Message 41 of 97 (544740)
01-28-2010 2:55 AM
Reply to: Message 40 by Iblis
01-28-2010 1:38 AM


Re: More fit vs. optimally fit
Since it's been a bit more than 40 years since I last saw that film, I completely forgot about him piloting a private plane. My father was a member of a local private pilots' association and took me to one of their meetings. At that meeting, they showed a Moody Institute film about sense perception while piloting aircraft at night. The main message I remember was that you must trust your instruments, because you cannot always trust your own senses (example was of a pilot flying at night who ended up flying upside-down thinking that the city lights below him were actually the stars above him). Plus, it exhibited an experiment that demonstrated that motion sickness results when our sensory inputs conflict with each other: specifically, when the subject was spin blindfolded, he did not experience any dizziness, but when he was stopped and the blindfold was removed, WHOA!
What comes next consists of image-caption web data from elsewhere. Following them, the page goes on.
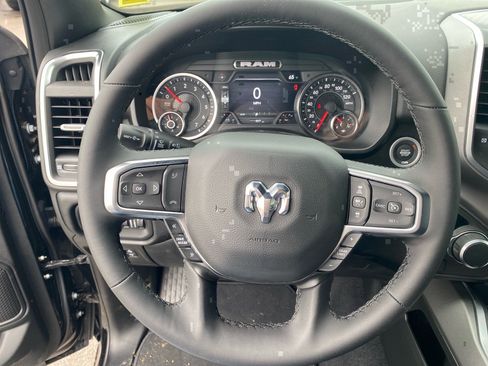 Used 2026 RAM 1500 Big Horn AWD/4WD image 10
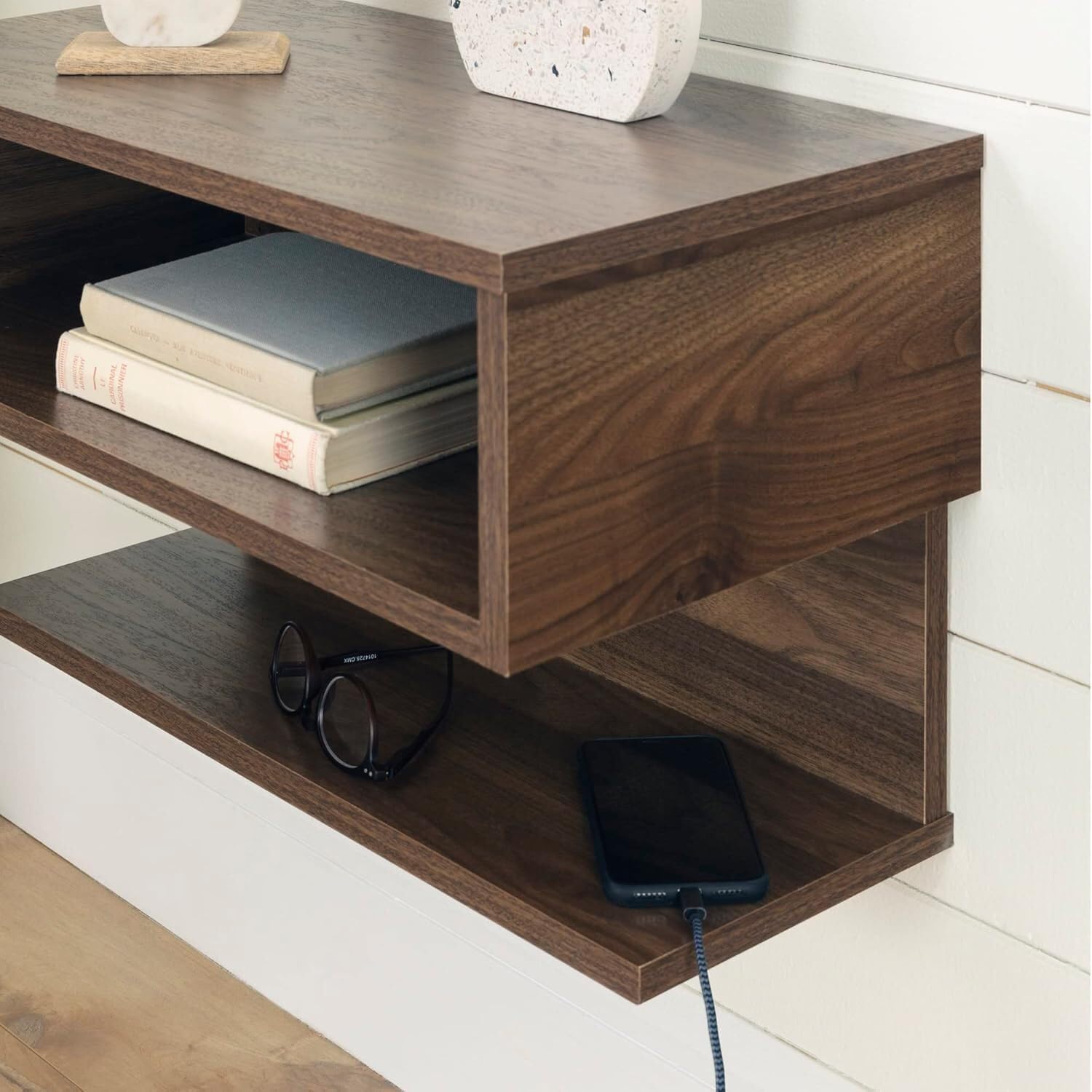 HomeStock Contemporary Cool Rectangular Floating Nightstand with One Open Shelf, Trendy Finish, Bedroom Endtable, Night Table, Bed Night Stand, Functional Storage Solution for Bedrooms Natural Walnut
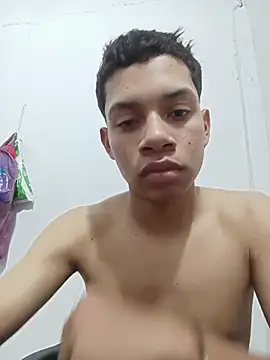 Snapshot of curious_straight_guy chatting on May 2026 02:19:02 AM curious straight guy online show from May 2026 02:19:02 AM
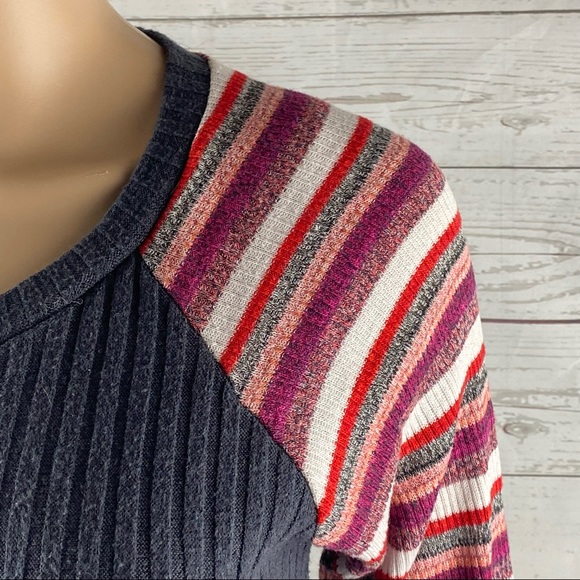 Chris & Carol Raglan Sweater - Picture 4 of 12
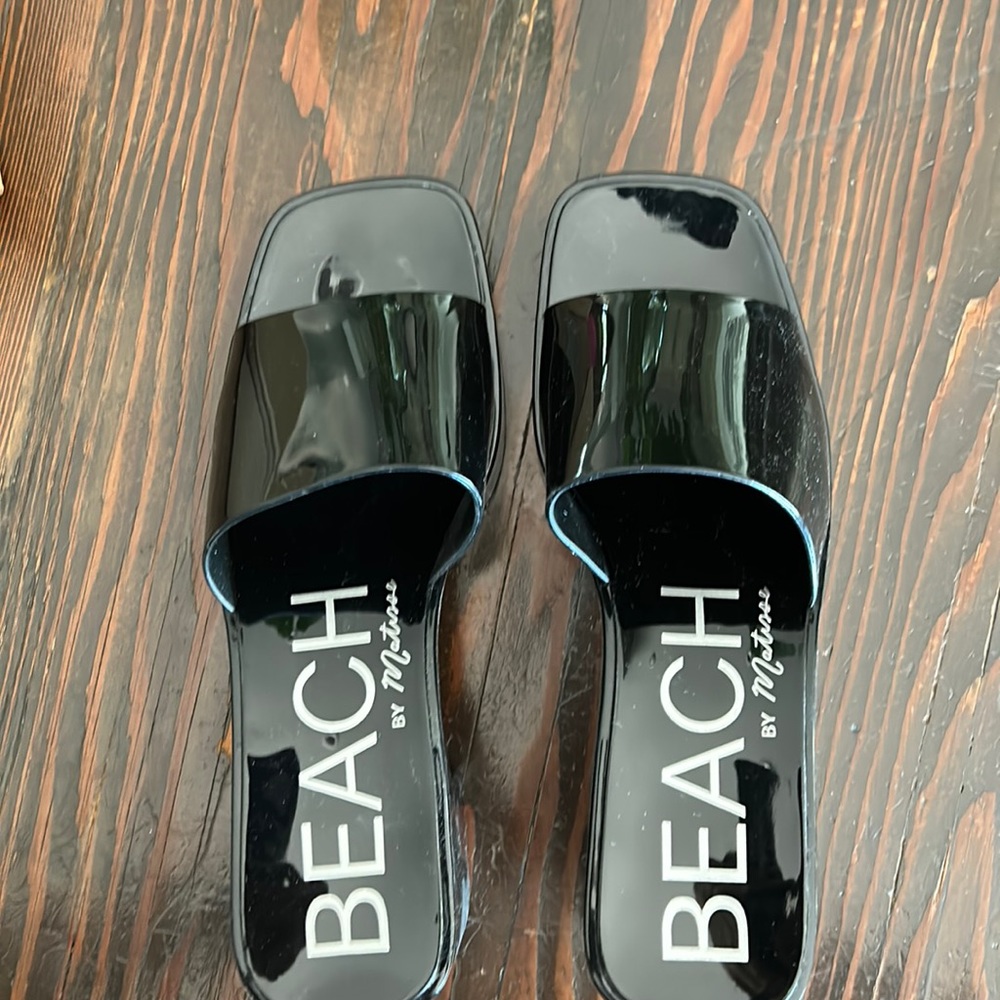 Brand new, Beach by Matisse sandal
Interestingly, the Moody Institute had a religious slant to it. Each of their films I saw (there was another one that examined the workings of the heart) ended with a religious statement. However, that was the only religious content or orientation of any of their films (as far as I can recall -- since I had become an atheist half a decade earlier and was more sensitive to inappropriate religious incursions, I'm sure that I would have noticed). And even then, as I recall, that statement at most referenced learning about the world that God had created, though I seem to recall that that single religious statement didn't always seem to apply to the film.
If my memory serves me right, then the Moody Institute's approach was one that creationists might be able to learn from. Don't corrupt the science to fit your theology, but rather just do the science honestly.